Primary familial brain calcification linked to deletion of 5′ noncoding region of SLC20A2

This is a guest post by Petra Pasanen, MSc from the University of Turku, Finland and a visiting fellow at TheGBLab.

In a collaboration between Adjunct Professor Liisa Myllykangas’ group and the GBLab we identified a novel genomic deletion underlying primary familial brain calcification (PFBC) [PMID 27726124]. This rare neurological disease is typically caused by mutations in SLC20A2, PDGFB, PDGFRB or XPR1. We studied a Finnish family with three affected subjects and five unaffected family members. Initial exome sequencing failed to detect any pathogenic variants. To locate the mutation, we sequenced the entire genomes of one affected patient and an unaffected family member.

Analysis of the whole genome sequencing data showed that the affected patient had a deletion of ~578 kb on chromosome 8p11.2, removing the first noncoding exon and 5’ noncoding regions of SLC20A2, the most commonly mutated disease gene in PFBC. In general, one can assume that no transcript is produced when the promoter region of a gene is missing, and we believe that this deletion causes disease by reducing the expression of SLC20A2. A SNP array was used to assess segregation in the family.

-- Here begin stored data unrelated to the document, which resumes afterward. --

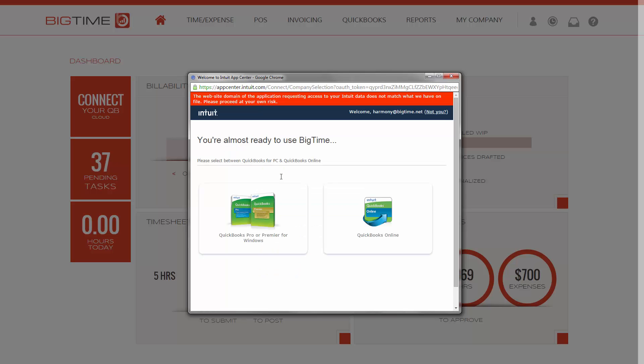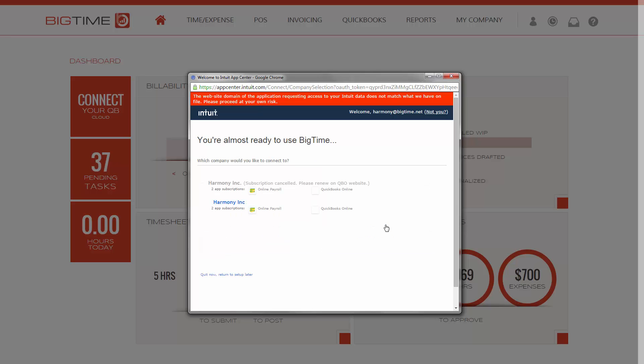For QuickBooks Online, select the right-hand selection for QuickBooks Online, and then select the company name.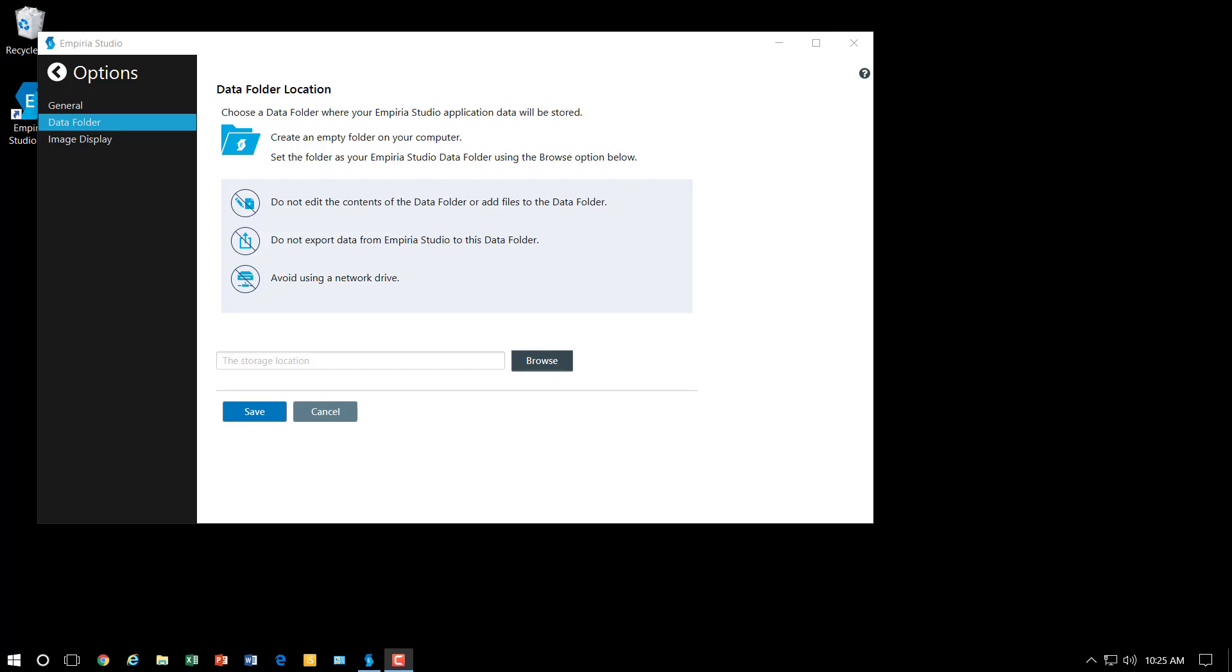Now when you first open Imperia Studio it's going to ask you for your license information. So you should have received that when you purchased Imperia Studio, and you will enter that information and you will reach this screen.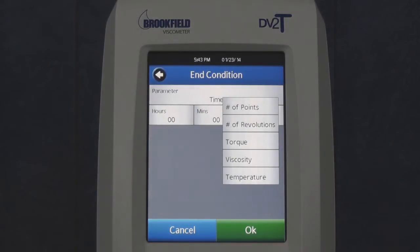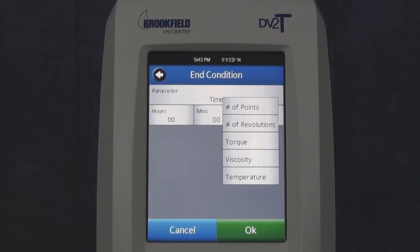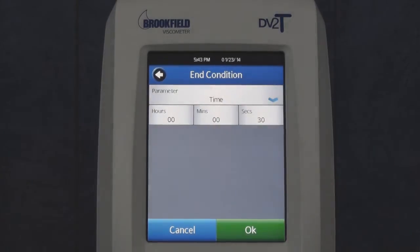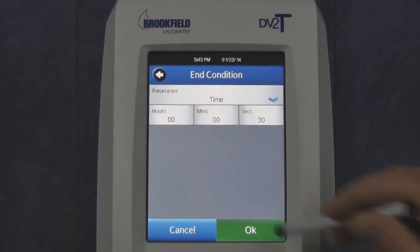There are six end condition parameters, with time, torque, and viscosity values being the most frequently used. For all of the end conditions selected, data will be collected according to the data collection setting.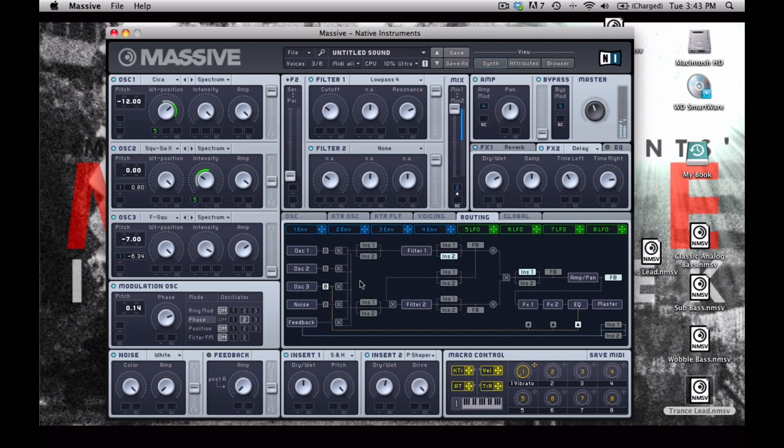So there you go, now we've used just a few simple parameters to create this really huge orchestral sounding spooky pad. You can really design some very interesting sounds using Massive, and there's much more that you can adjust on this patch to make it your own, so play with it a little bit, and see what you can come up with, and we will see you in the next lecture.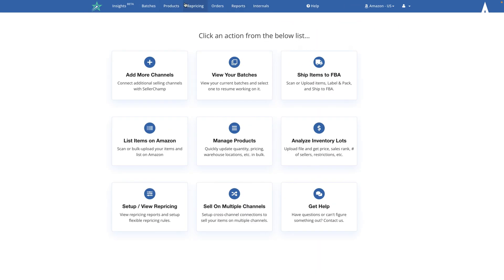The blue menu bar on top is SellerChamp's main menu. To get to the settings you want to click the user icon and then click on settings.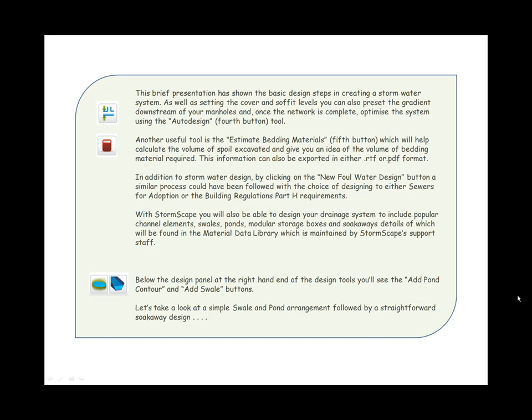With Stormscape, you will also be able to design your drainage system to include popular channel elements, swales, ponds, modular storage boxes, and soakaways, details of which can be found in the Material Data Library, which is maintained by Stormscape's support staff. Below the design panel at the right-hand end of the design tools, you'll see the Add Pond Contour and Add Swale buttons. Let's take a look at a simple swale and pond arrangement, followed by a straightforward soakaway design.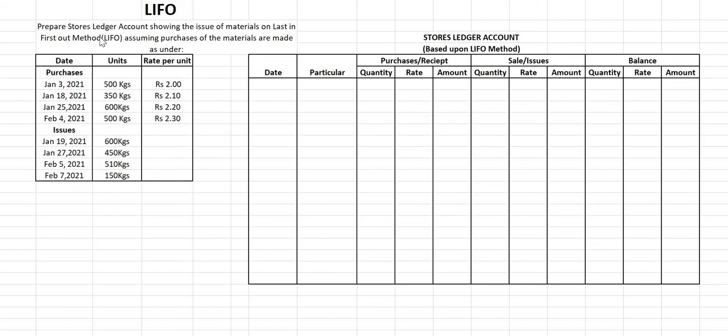Mostly companies use the FIFO method. In India, almost all companies use FIFO because IFRS — International Financial Reporting Standards — insists on using FIFO. However, in the US, companies use the LIFO method because the US does not follow IFRS or the generally accepted accounting principles that India, European countries, and Canada follow.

The deletion was seen in the two affected patients and none of the unaffected family members (Figure).

SLC20A2.png

Figure: Brain CT of patient II:2 showing calcification (marked with arrows) in basal ganglia and cerebellum and pedigree of the family with screenshots of SNP array data and the deletion breakpoint in SLC20A2 in WGS data visualized using the Integrative Genomics Viewer (IGV).

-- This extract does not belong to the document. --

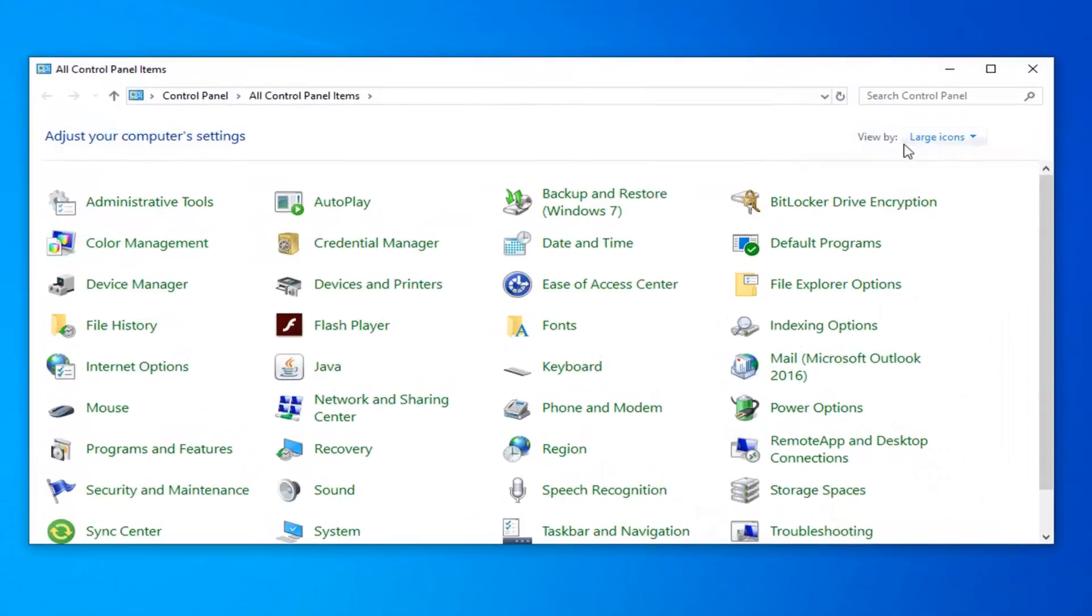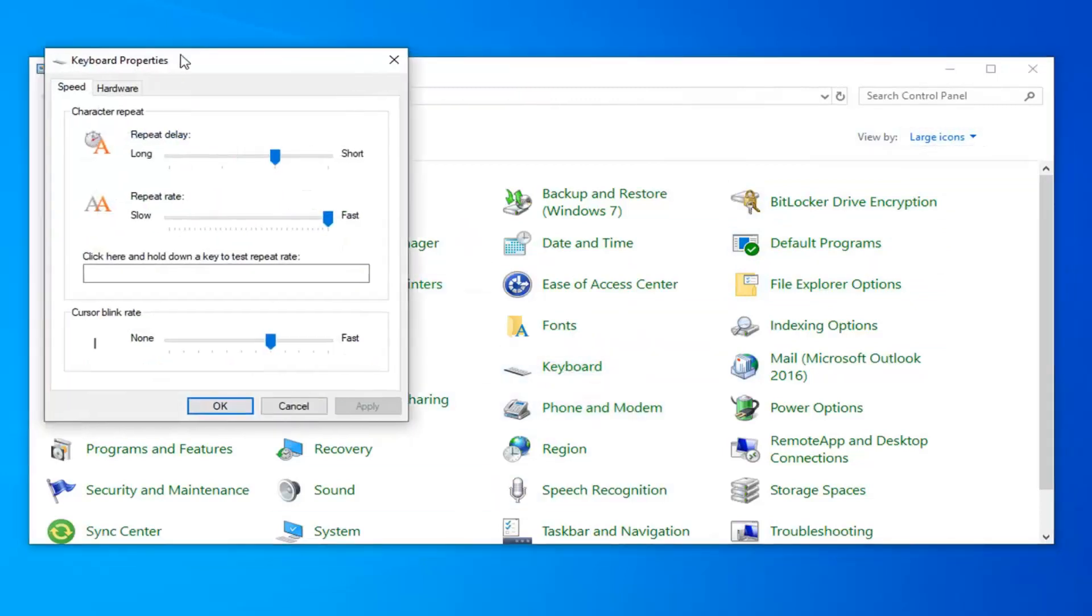Set your view by to large icons and then select the keyboard option in this listing. So go ahead and left click on keyboard.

In addition to 5’ region of SLC20A2, the deletion abolishes the coding regions of six other genes (SMIM19, CHRNB3, CHRNA6, THAP1, RNF170, and HOOK3) and part of FNTA. It is currently not known if this has any additional effect on the clinical picture of the patients.

Our results highlight the need for analyzing copy number variations in known disease genes. Importantly, copy number variations can also affect the regulatory regions, as shown here. Our findings suggest that deletion of 5’ noncoding regions (including the putative promoter) of SLC20A2 is sufficient to cause PFBC.